Work request. Repeat the data as given. Images do not go in the copy.

Given information.
-- Opening Marker --

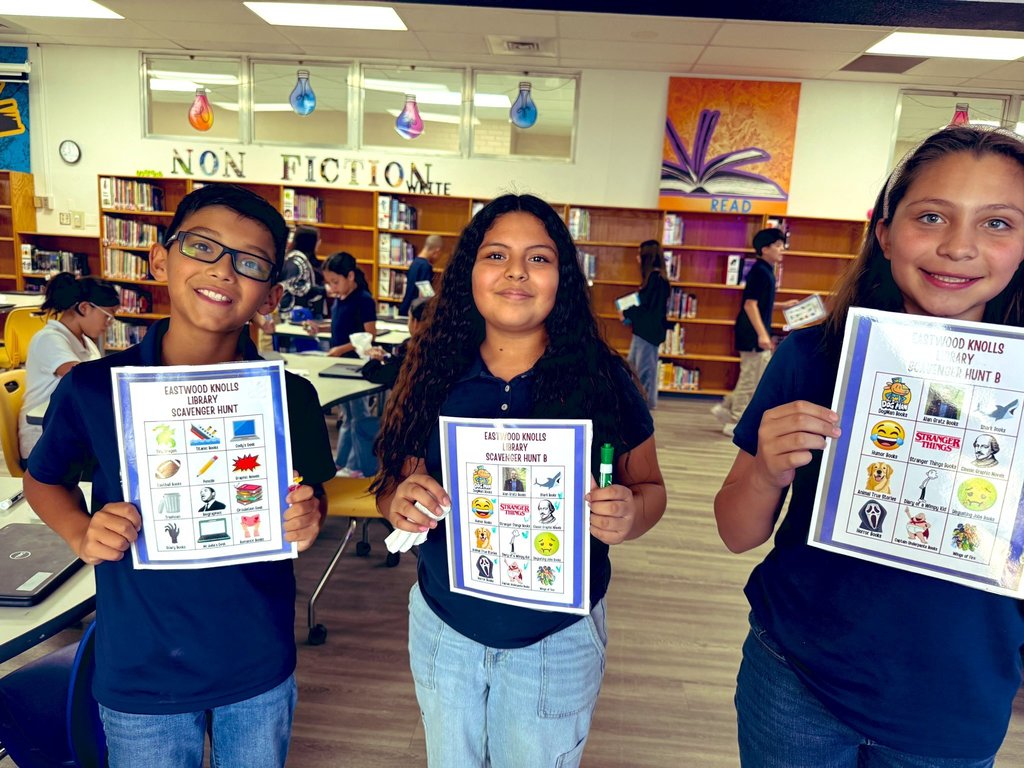 Photo of EKIS students completing a scavenger hunt in the library.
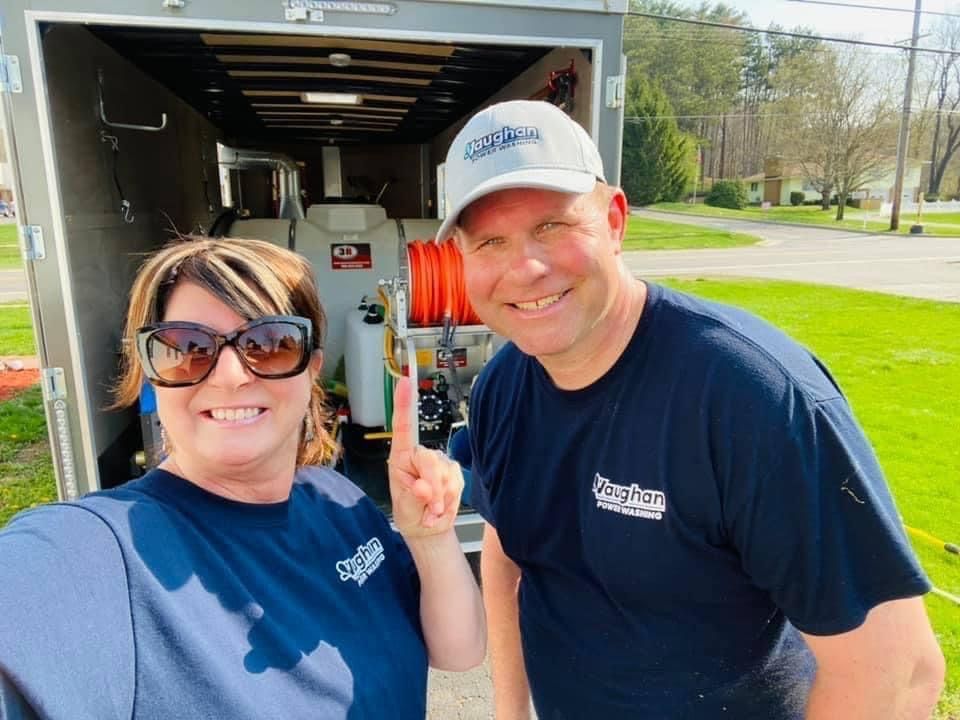 A man and a woman are standing next to each other in front of a trailer.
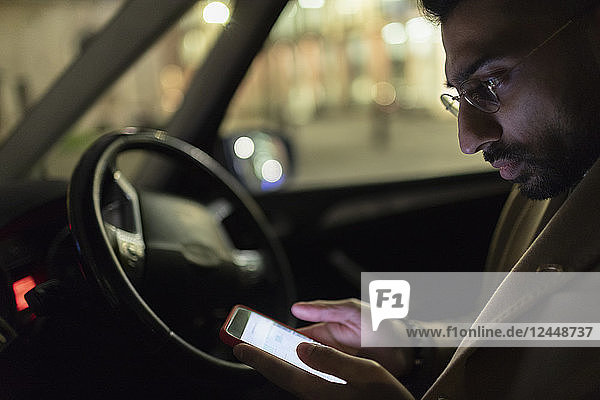 Man using smart phone in car at night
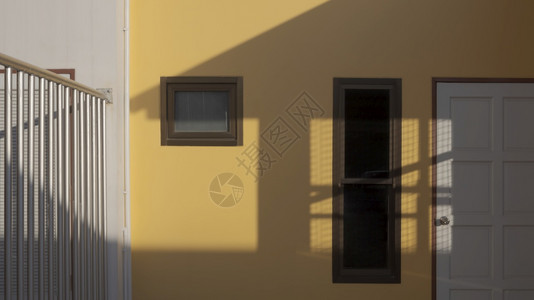 窗户影子白色木制门和储藏室黄屋墙上有阳光和阴影的白色木制门和储存箱灯光栅栏建筑学背景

-- Closing Marker --

Solved problem.
 Photo of EKIS students completing a scavenger hunt in the library.
 A man and a woman are standing next to each other in front of a trailer.
 Man using smart phone in car at night
 窗户影子白色木制门和储藏室黄屋墙上有阳光和阴影的白色木制门和储存箱灯光栅栏建筑学背景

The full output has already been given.